(Short web captions)

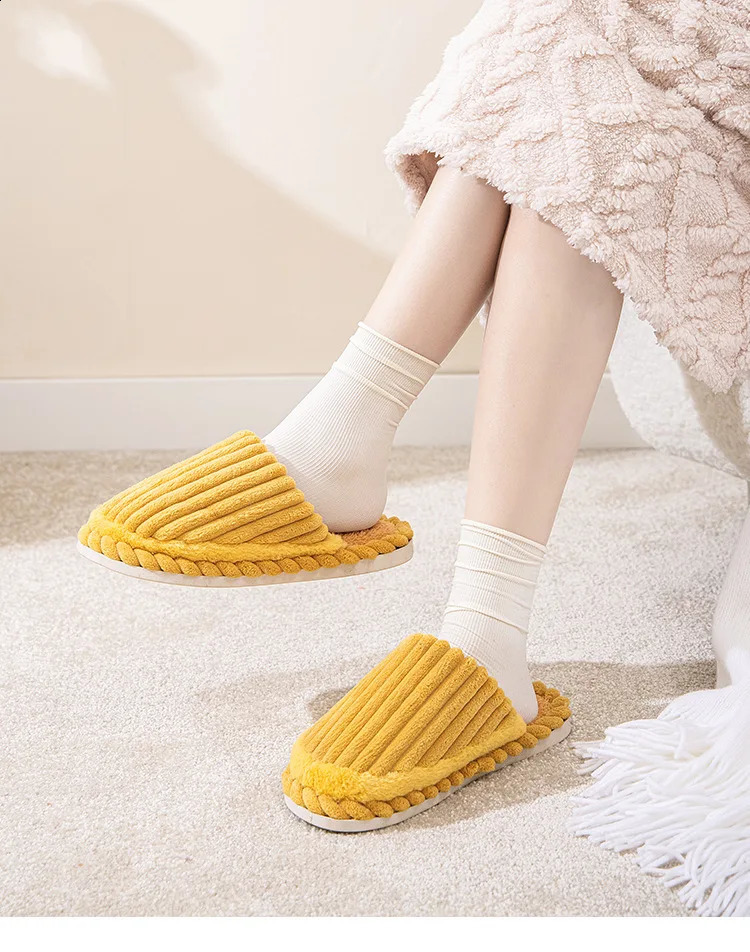 Slippers Men's Slippers Women's Home Cotton Slippers Shoes Autumn and Winter Men's and Women's Warm Cotton Slippers Couple Home Fluffy Sl 231109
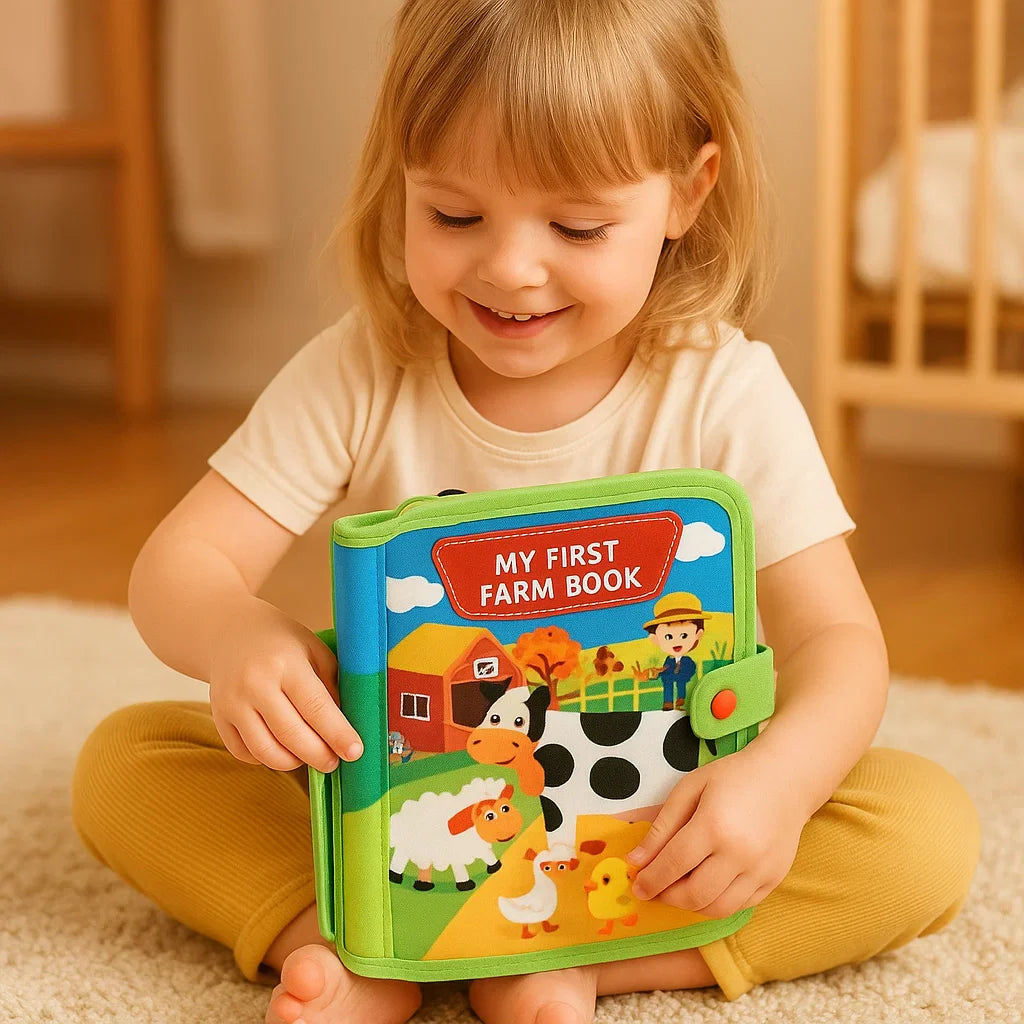 Libro educativo con historias sobre la granja para los más pequeños | Libro de fieltro suave para aprender sobre animales y habilidades motoras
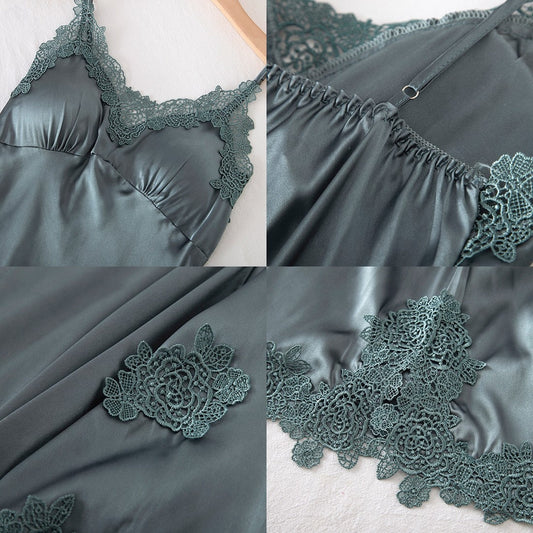 Damespyjama • Satijn • Sexy nachtmode • Zomerpyjama met broek • Nachtjapon • V-hals • Kimono • Set • Lingerie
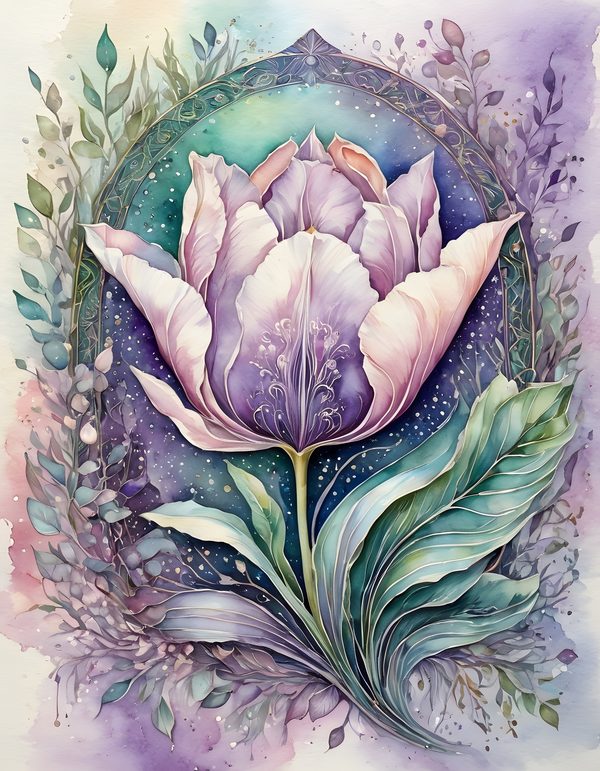 Tulip Smoky Lilac Digital Paper: 16 Printable Pages - Watercolor Scrapbook Paper - Commercial Use — image 11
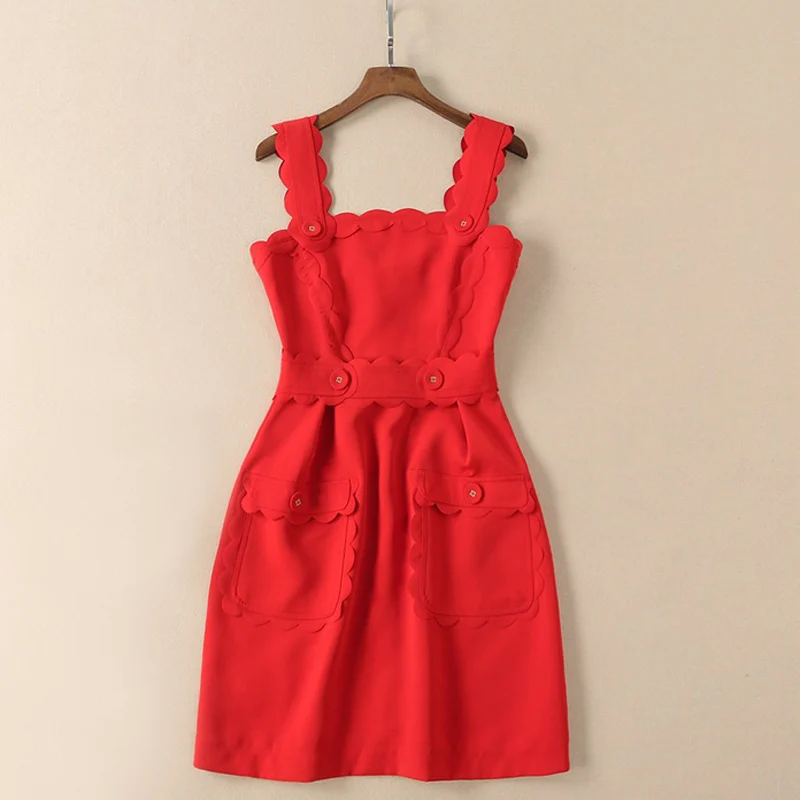 

ladies clothes for summer black / red scalloped wide shoulder straps button pockets a line mini sundress free shipping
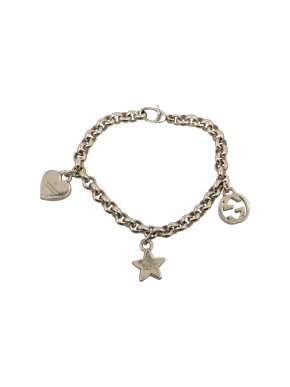 Gucci Silver Interlocking G Star Charm Bracelet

» TRY IT:
Leaving out each picture, repeat exactly the lines above from the one that contains "Damespyjama • Satijn" through the one that contains "Tulip Smoky Lilac".

» TASK RESPONSE:
 Damespyjama • Satijn • Sexy nachtmode • Zomerpyjama met broek • Nachtjapon • V-hals • Kimono • Set • Lingerie
 Tulip Smoky Lilac Digital Paper: 16 Printable Pages - Watercolor Scrapbook Paper - Commercial Use — image 11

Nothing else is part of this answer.